- [ASSIGNMENT] In the entries below, begin at the line that has "Silencieux 18-20 pouces" and stop after the line that has "A Bathing Ape"; output those lines exactly, leaving out pictures.

- [Records from a data source]
----------

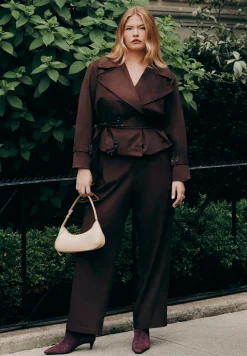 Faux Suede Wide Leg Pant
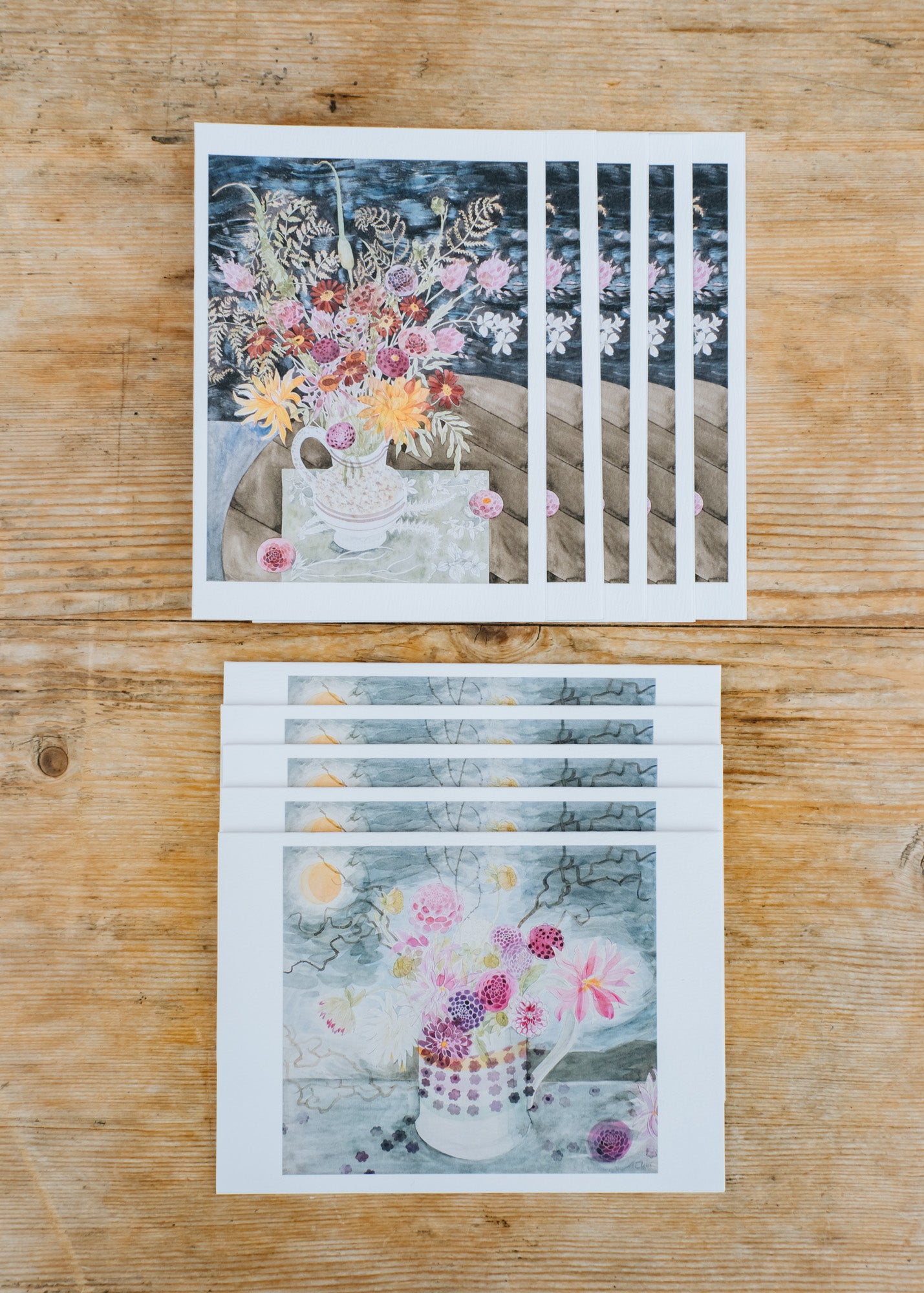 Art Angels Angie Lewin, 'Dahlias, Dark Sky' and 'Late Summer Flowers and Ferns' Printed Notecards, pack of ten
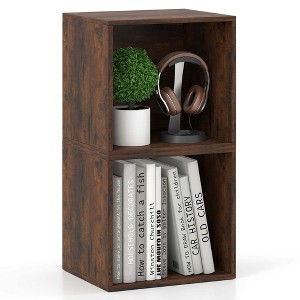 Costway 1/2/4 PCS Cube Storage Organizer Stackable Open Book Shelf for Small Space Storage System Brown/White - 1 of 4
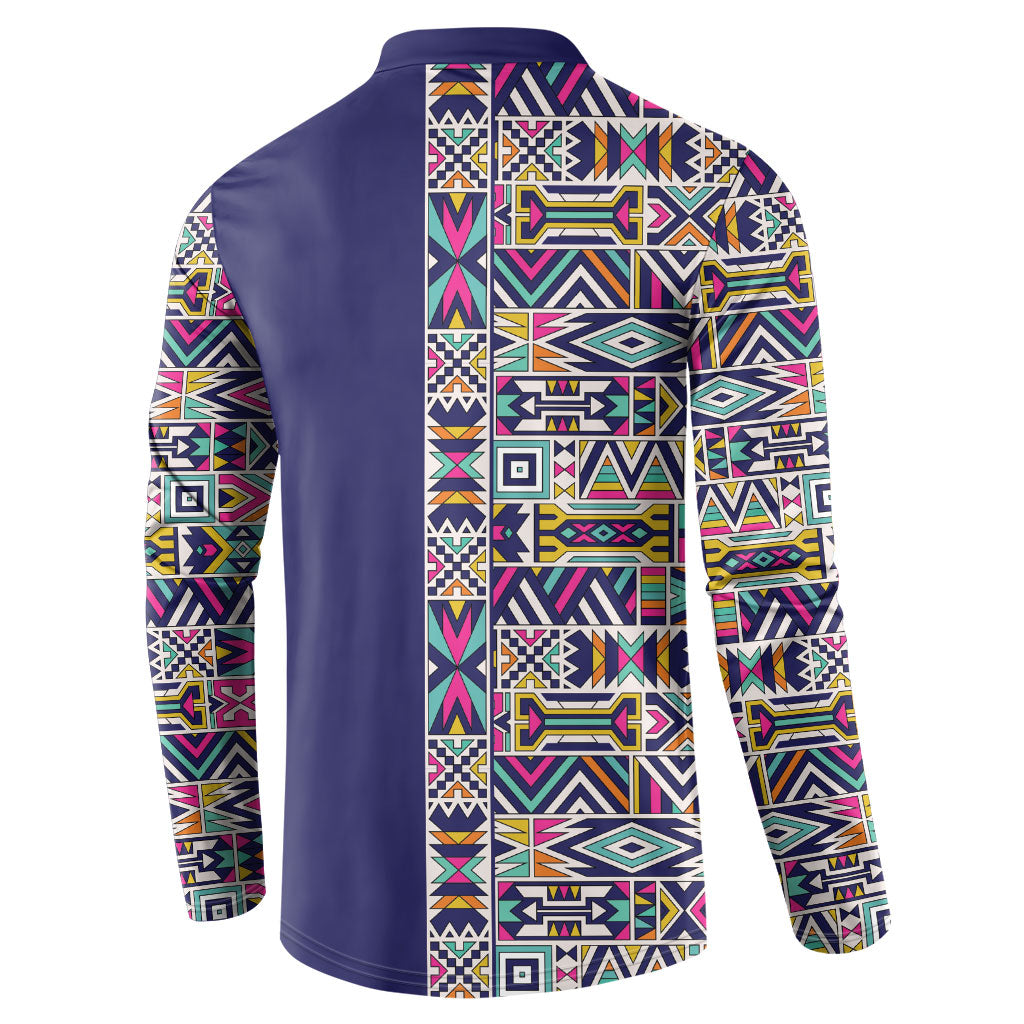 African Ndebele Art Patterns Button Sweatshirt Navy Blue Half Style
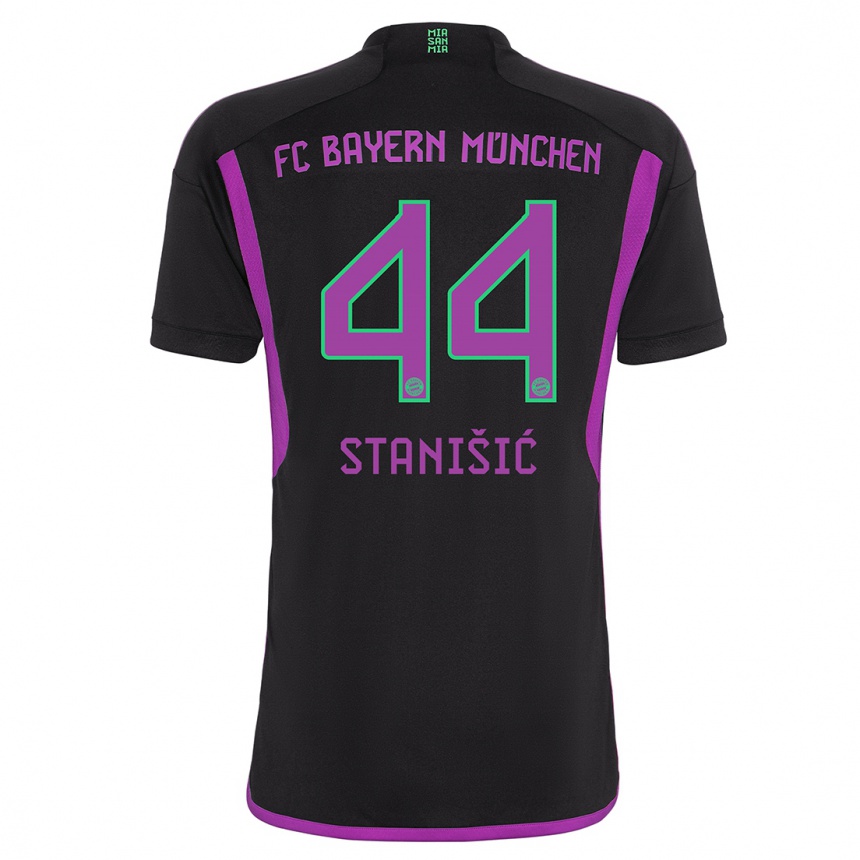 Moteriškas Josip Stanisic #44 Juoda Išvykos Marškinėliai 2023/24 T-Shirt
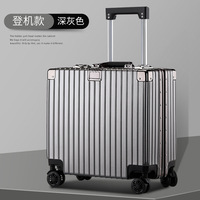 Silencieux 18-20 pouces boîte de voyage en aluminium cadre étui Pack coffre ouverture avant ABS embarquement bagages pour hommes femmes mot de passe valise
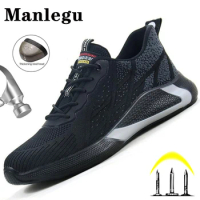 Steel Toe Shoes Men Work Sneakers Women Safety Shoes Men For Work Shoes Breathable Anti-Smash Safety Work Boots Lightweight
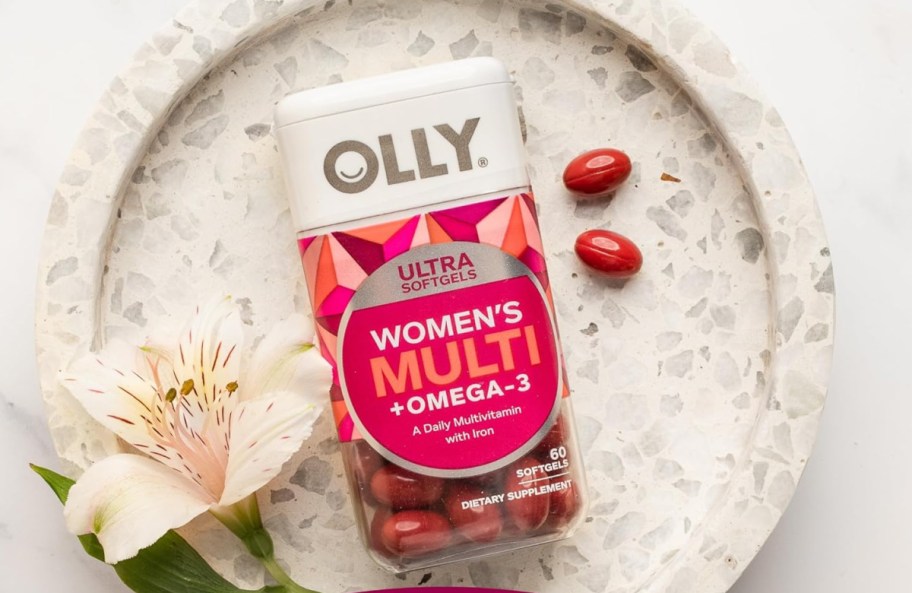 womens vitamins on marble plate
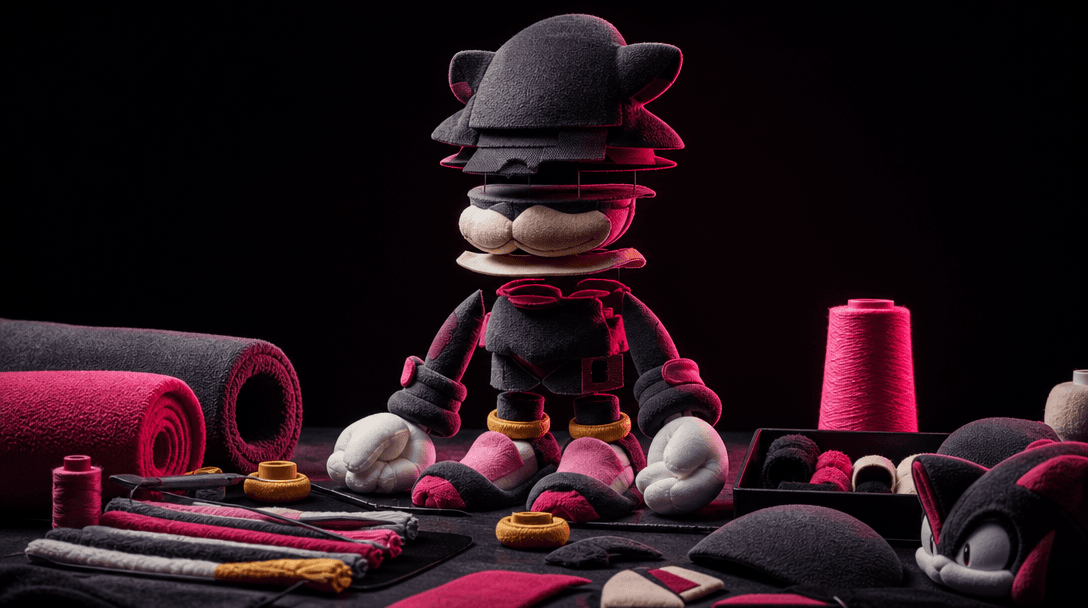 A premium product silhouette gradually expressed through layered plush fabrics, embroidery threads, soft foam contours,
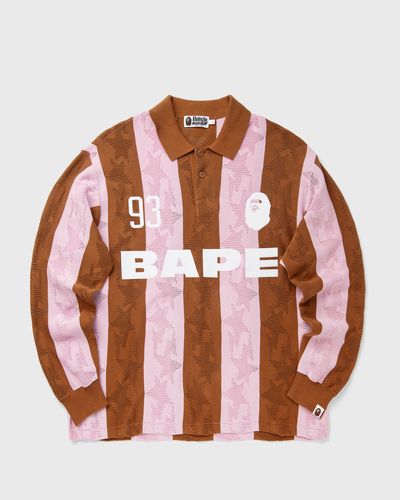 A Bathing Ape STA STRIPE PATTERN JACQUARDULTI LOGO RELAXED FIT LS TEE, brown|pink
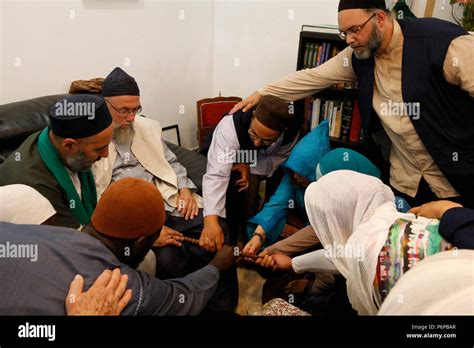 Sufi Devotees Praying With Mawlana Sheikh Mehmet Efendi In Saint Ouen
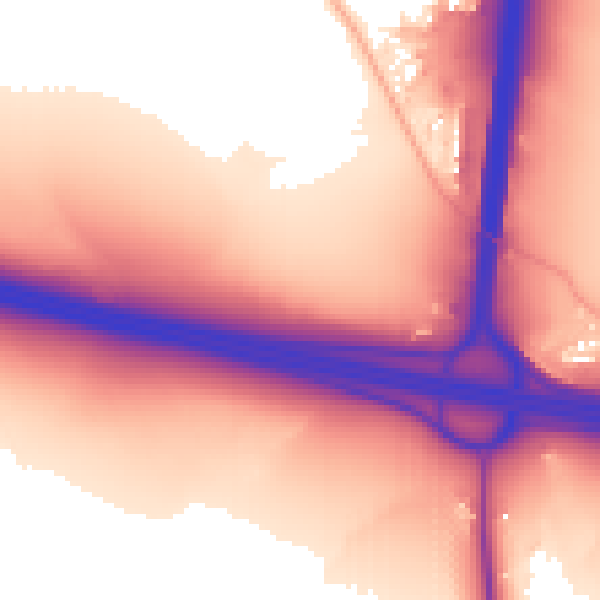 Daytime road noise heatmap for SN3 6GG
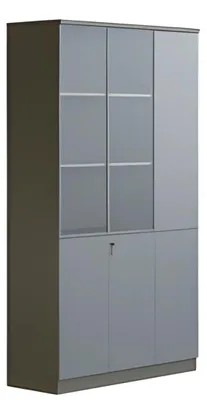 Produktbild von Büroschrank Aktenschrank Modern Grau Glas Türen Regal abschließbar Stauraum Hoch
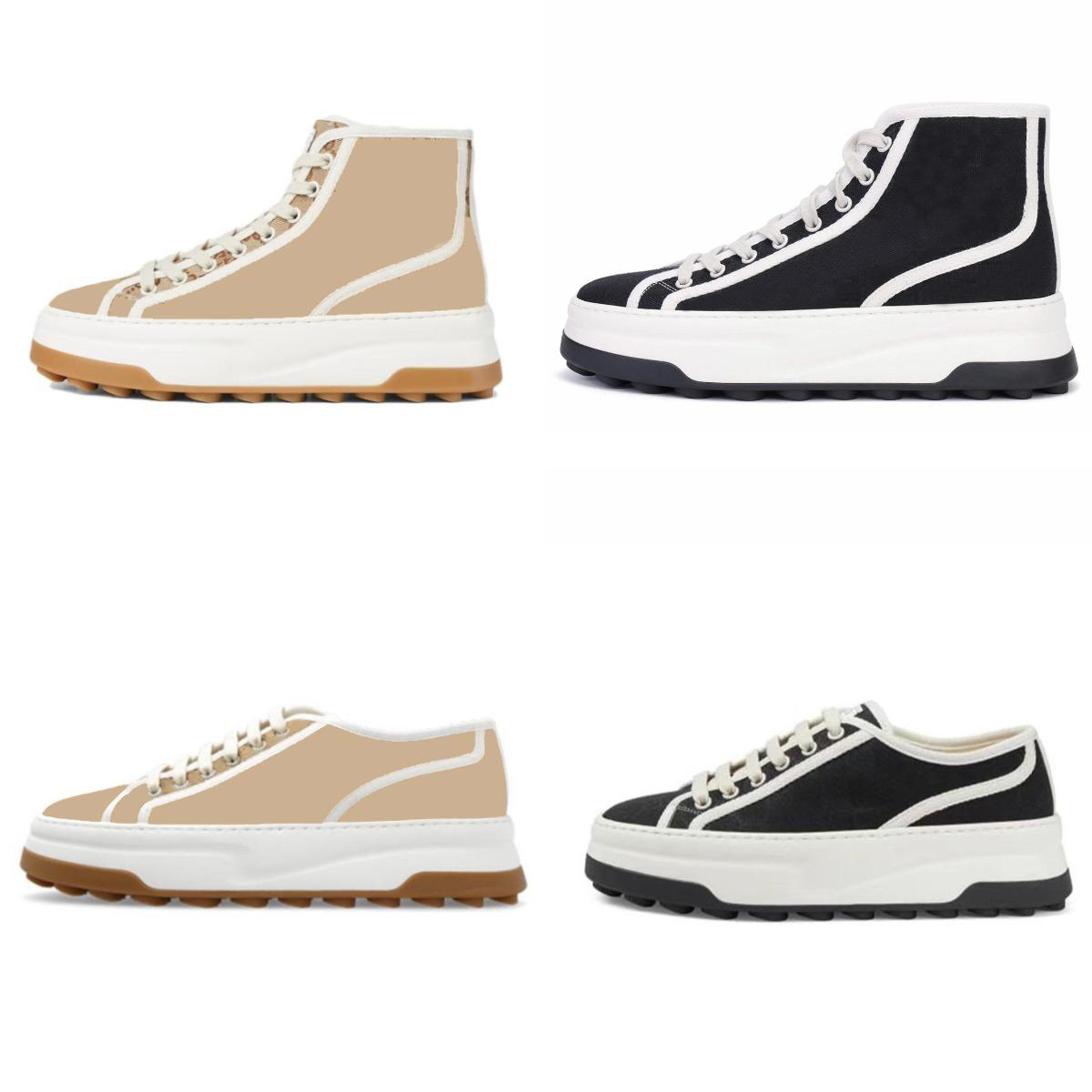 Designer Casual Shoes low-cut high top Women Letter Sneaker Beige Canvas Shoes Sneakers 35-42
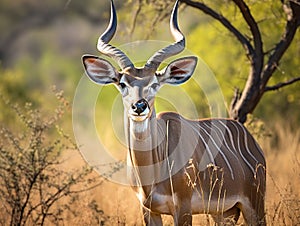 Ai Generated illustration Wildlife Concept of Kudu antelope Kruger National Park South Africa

----------

- [RESULT OF THE TASK]
 Silencieux 18-20 pouces boîte de voyage en aluminium cadre étui Pack coffre ouverture avant ABS embarquement bagages pour hommes femmes mot de passe valise
 Steel Toe Shoes Men Work Sneakers Women Safety Shoes Men For Work Shoes Breathable Anti-Smash Safety Work Boots Lightweight
 womens vitamins on marble plate
 A premium product silhouette gradually expressed through layered plush fabrics, embroidery threads, soft foam contours,
 A Bathing Ape STA STRIPE PATTERN JACQUARDULTI LOGO RELAXED FIT LS TEE, brown|pink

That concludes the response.